За исключением сверкающего пятна на сцене зрительный зал выглядел мрачно. Он имел классическую форму подковы и вмещал, по оценке Перегрина, около пяти сотен зрителей. Перегрин заметил, что плюшевые спинки кресел были отделаны металлом и что в зале четыре ложи. Над просцениумом свисала рваная бахрома — все, что осталось от занавеса.
Перегрин обошел бельэтаж и толкнул дверь директорской ложи. В нос ударила жуткая вонь. Перегрин попятился назад, открыл другую дверь в стене бельэтажа и обнаружил за ней железную лестницу, ведущую на сцену.
Перегрин неуклюже спустился по лестнице. Железные ступеньки, хоть и покрытые толстым слоем пыли, глухо позванивали под ногами.
Теперь он был на сцене, там, где и должен быть человек театра, и сразу почувствовал себя свободнее. Он даже развеселился, представив себя, хотя бы отчасти, хозяином театра. Перегрин вгляделся в поток солнечного света, в котором плясали, плавали, трепетали потревоженные его присутствием пылинки. Он встал на освещенное место рядом со сломанным стулом и посмотрел на зрительный зал. Контрасты света и тени производили странный завораживающий эффект, зал казался призрачным, и Перегрин смог легко вообразить его заполненным зрителями мистера Руби. Касторовые шляпы, капоры, шали, пелерины. Шелест программок. Ряды бледных кругов вместо лиц. «Потрясающе!» — подумал Перегрин и, для того чтобы охватить взглядом весь зал, сделал шаг назад.
Падать неожиданно даже с невысокой ступеньки всегда неприятно. Но упасть так, как рухнул Перегрин, — в глубокую яму, наполненную холодной смердящей водой, — чудовищно, кошмарно, все равно что провалиться в небытие.
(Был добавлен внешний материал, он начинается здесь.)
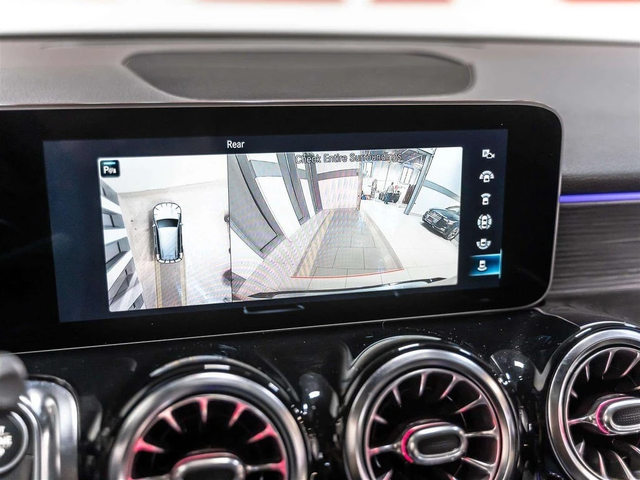 Mercedes-Benz GLB * GLB250 4MATIC * CARFAX * ЦЕНА ДО БГ - автомобили, коли, обяви за нови и употребявани 15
Несколько секунд Перегрин осознавал только то, что ему было нанесено оскорбление действием. Он тупо смотрел на безумный вихрь пылинок в луче света. Ощутив скользкое дерево под пальцами, затянутыми в перчатку, ухватился покрепче. Вокруг была ледяная зловонная вода, он погрузился в нее по горло и висел на руках.
«О господи! — подумал Перегрин. — И почему я не какой-нибудь Джеймс Бонд? Почему я не могу с помощью одних рук выбраться на поверхность? Господи, не дай мне утонуть в этой навозной жиже. Господи, не дай мне пасть духом».
Впрочем, все не так плохо, решил Перегрин, вес его тела — одиннадцать стоунов [1] Мера веса. 1 стоун равен 6,35 кг.
— не приходился целиком на руки. Его поддерживало на поверхности то, во что он провалился. Но что это было? И где он находился? В театральной уборной, превращенной подземными водами в колодец? Лучше не рассуждать. Лучше действовать. Он пошевелил ногами, и жуткие, отвратительные волны всколыхнулись до подбородка. Нащупать твердой опоры под ногами ему не удалось. «Как долго я смогу так висеть?» — подумал он. Хрестоматийная строчка всплыла в памяти: «Много ли пролежит человек в земле, пока не сгниет?» [2] Уильям Шекспир, «Гамлет», пер. Б. Пастернака.